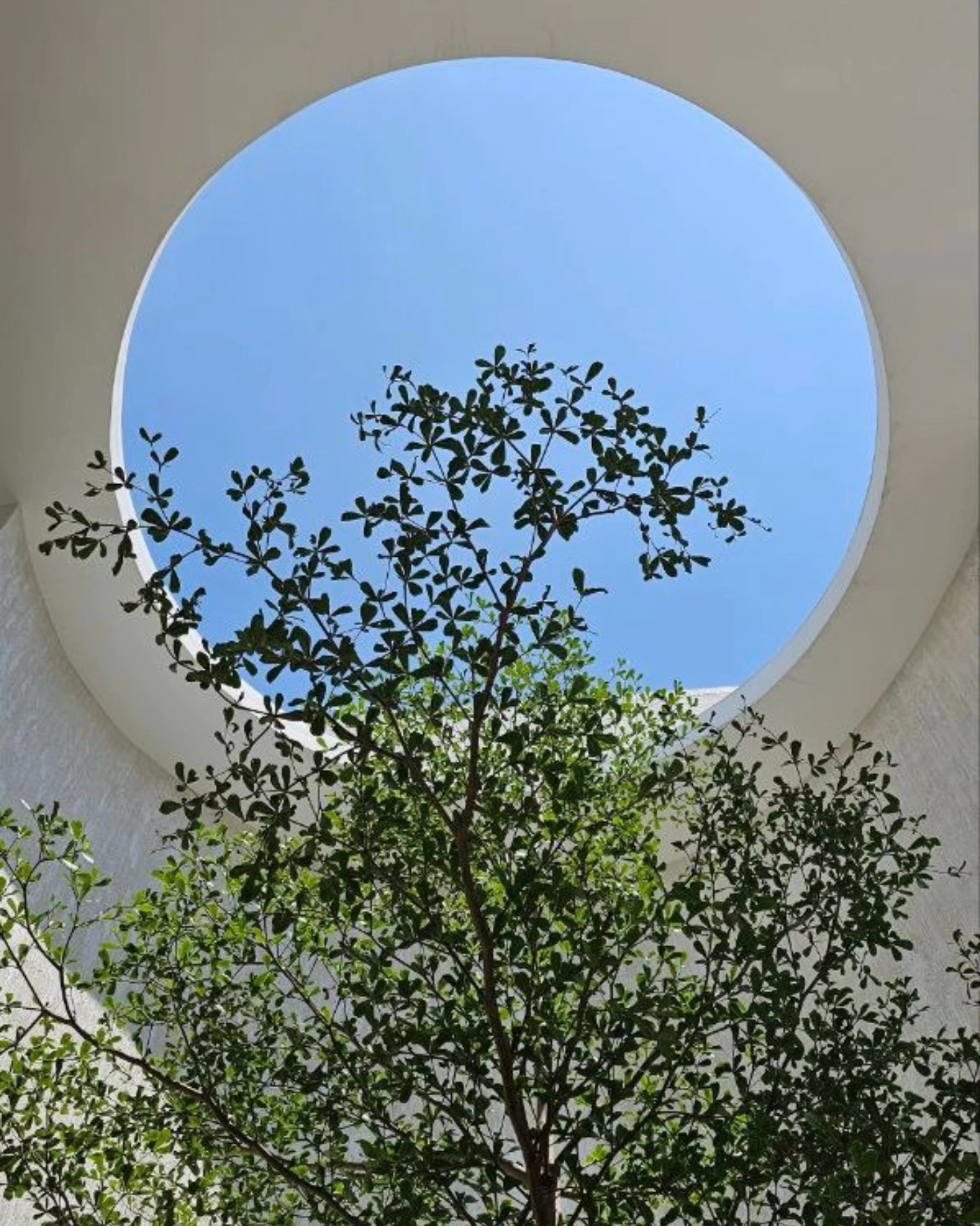 Sulo - A frame for the heavens! This breathtaking oculus is just one of ...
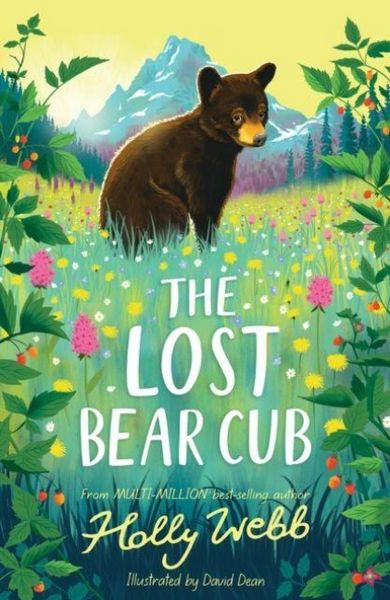 Produktbild: The Lost Bear Cub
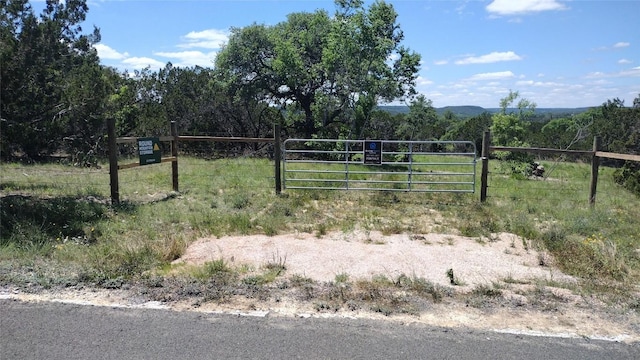 22303 Honeycomb Ln, Leander, TX 78641 - photo 33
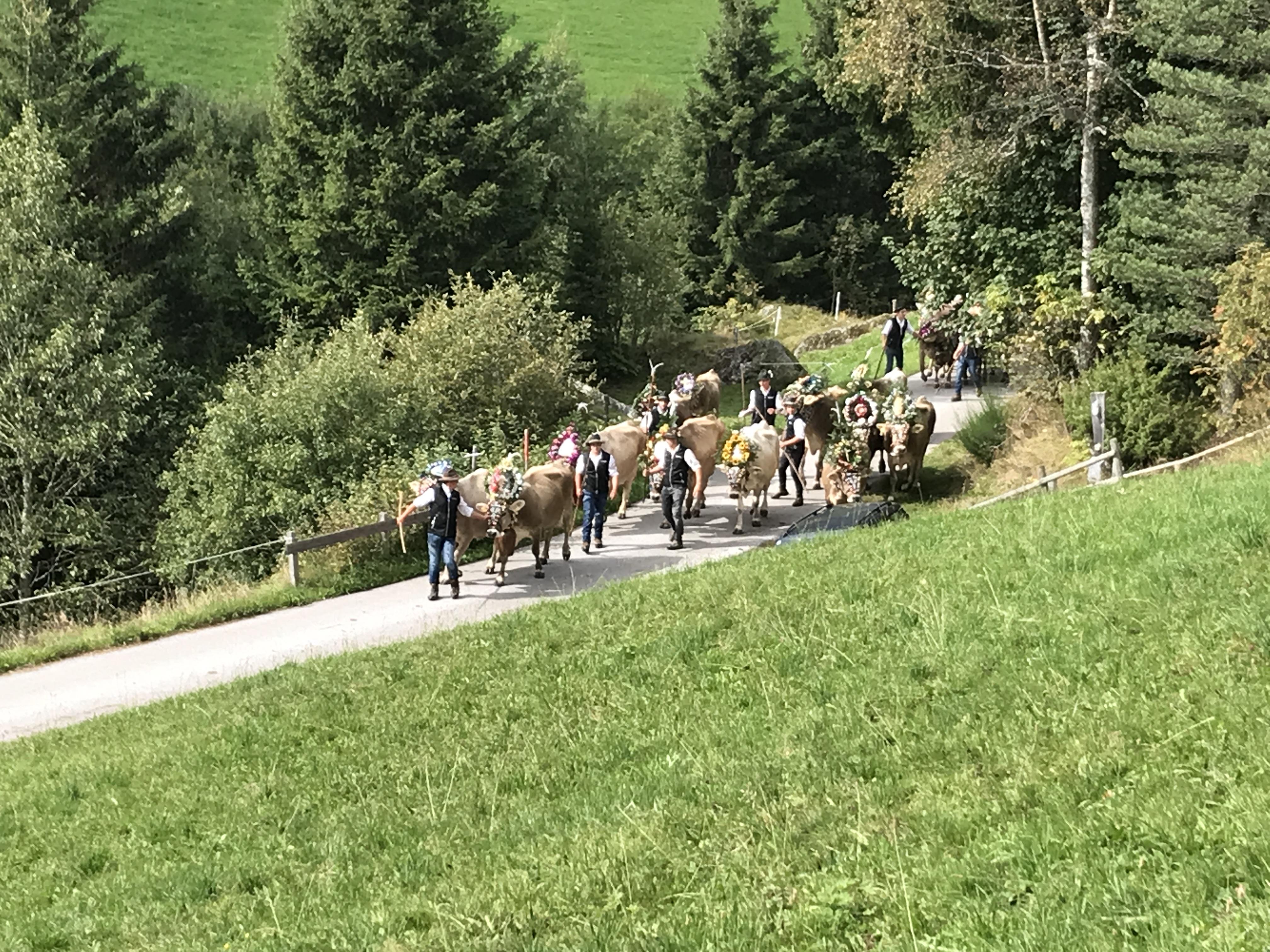 People leading decorated cows through a lush, forested landscape during a festival.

Work required: What is needed is an exact copy of the lines from the one with "Produktbild: The Lost Bear Cub" through the end of the data above, both included, minus any pictures.

Result of this exercise:
 Produktbild: The Lost Bear Cub
 22303 Honeycomb Ln, Leander, TX 78641 - photo 33
 People leading decorated cows through a lush, forested landscape during a festival.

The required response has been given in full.